Top of SOURCE DATA

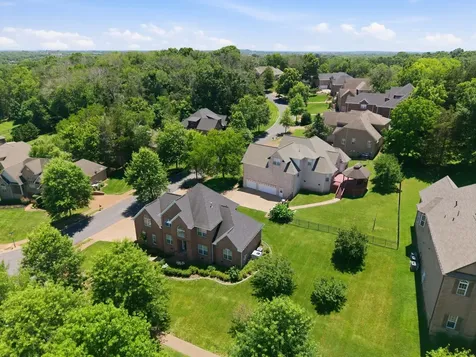 1046 Island Brook Drive Hendersonville TN 37075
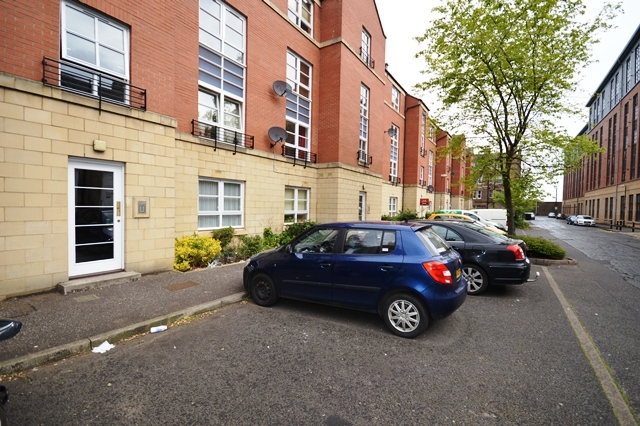 Image of 1 bedroom Flat to rent in Elbe Street Edinburgh EH6 at Leith Edinburgh Edinburgh, EH6 7HL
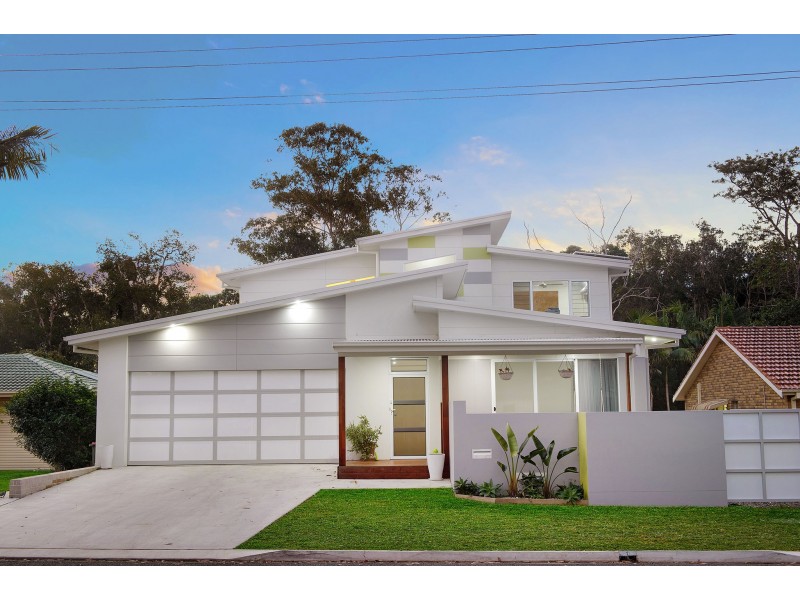 14 Evans Street, Lake Cathie NSW 2445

Bottom of SOURCE DATA

▶ _TASK REQUIREMENTS_
Output all data exactly, omitting images.

▶ _RESULT FOR THIS EXERCISE_
 1046 Island Brook Drive Hendersonville TN 37075
 Image of 1 bedroom Flat to rent in Elbe Street Edinburgh EH6 at Leith Edinburgh Edinburgh, EH6 7HL
 14 Evans Street, Lake Cathie NSW 2445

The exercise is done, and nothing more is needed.